"Failed to send scheduled attestation" errors—how to remedy or at least reduce?

Open JamesCropcho opened this issue 3 years ago • 1 comments

Description

The log of lighthouse beacon_node has large clumps of entries of:

21:06:33.945 ERRO Failed to send scheduled attestation
21:06:33.945 ERRO Failed to send scheduled attestation
21:06:33.946 ERRO Failed to send scheduled attestation

[…and so on and so on]

Everything is working perfectly (e.g. no recent restarts) save for the occasional Previous epoch attestation(s) failed to match head and Previous epoch attestation(s) had sub-optimal inclusion delay warnings, and then all at once I get more than 100 of those ERRO log entries.

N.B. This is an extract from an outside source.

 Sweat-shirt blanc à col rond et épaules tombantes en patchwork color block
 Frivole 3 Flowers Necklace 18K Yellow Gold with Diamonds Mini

These clumps appear perhaps once every 8 hours on a beacon node whose validator client has ~100 validators. Notable configuration includes:

--validator-monitor-auto
--http-disable-legacy-spec
--block-cache-size 15

At the time of the most recent occurrence (note peers):

21:06:29.001 INFO Synced  slot: 4394730, block:    …  empty, epoch: 137335, finalized_epoch: 137333, finalized_root: 0x585c…60d2, exec_hash: n/a, peers: 85, service: slot_notifier

UPDATE:

I am now also getting all-at-once gobs of these sorts of errors:

ERRO Unable to send message to the beacon processor, type: gossip_attestation, error: no available capacity, service: router

They were preceded by one of these entries:

ERRO Attestation queue full                  queue_len: 16384, msg: the system has insufficient resources for load

Also have gobs of these two:

ERRO Unable to send message to the beacon processor, type: gossip_aggregate, error: no available capacity, service: router
ERRO slog-async: logger dropped messages due to channel overflow, count: 11, service: router

…and then:

ERRO Attestation delay queue is full         msg: check system clock, queue_size: 16384

…followed by another slew of:

ERRO Failed to send scheduled attestation

According to htop I am using just a fraction of available RAM, and instantaneous average CPU use (8-core) spikes to 100% for about 3 seconds about every 15 seconds, then goes back to about 10%.

● ntp.service - Network Time Service
     Loaded: loaded (/lib/systemd/system/ntp.service; enabled; vendor preset: enabled)
     Active: active (running) since Fri 2022-07-22 16:41:38 EDT; 1 weeks 5 days ago
       Docs: man:ntpd(8)
   Main PID: 750 (ntpd)
      Tasks: 2 (limit: 18486)
     Memory: 1.8M
     CGroup: /system.slice/ntp.service
             └─710 /usr/sbin/ntpd -p /var/run/ntpd.pid -g -u 113:121

Warning: journal has been rotated since unit was started, output may be incomplete.
~$

END OF UPDATE; original ticket continues below.

Version

https://github.com/sigp/lighthouse/releases/download/v2.5.1/lighthouse-v2.5.1-aarch64-unknown-linux-gnu.tar.gz

Steps to resolve

If anyone is able to tell me whether any of the below tactics (or others) may possibly reduce the frequency of said ERRO events, and hence to resolve the issue, or—just as valuable—if any/all are likely to have no helpful effect, I would appreciate it:

Enabling --subscribe-all-subnets
Increase/decrease target-peers
Increase/decrease block-cache-size
Increase the IOPS (I/O ops per second) available to the SDD storage of the data-dir
Increase the throughput (MB per second) available to the SDD storage of the data-dir
Increase the number of CPU/vCPU cores of the cloud instance running lighthouse beacon_node
Increase the allotted network performance capacity of the cloud instance running lighthouse beacon_node

Thanks for reading.

Aug 03 '22 21:08 JamesCropcho

These logs generally indicate it's an issue of system resources, if it doesn't look RAM is near it's limit, it might be a limitation of the CPU or disk. If the VPS uses shared CPUs that might be causing issues, it could be throttling you during the bursts you are seeing. So increasing the number of CPUs might solve it (although 8 should be plenty if you are just running lighthouse on this machine). If you have grafana metrics set up, you could also get an idea of whether it might be a CPU vs disk bottleneck by checking out some dashboards

Sep 07 '22 14:09 realbigsean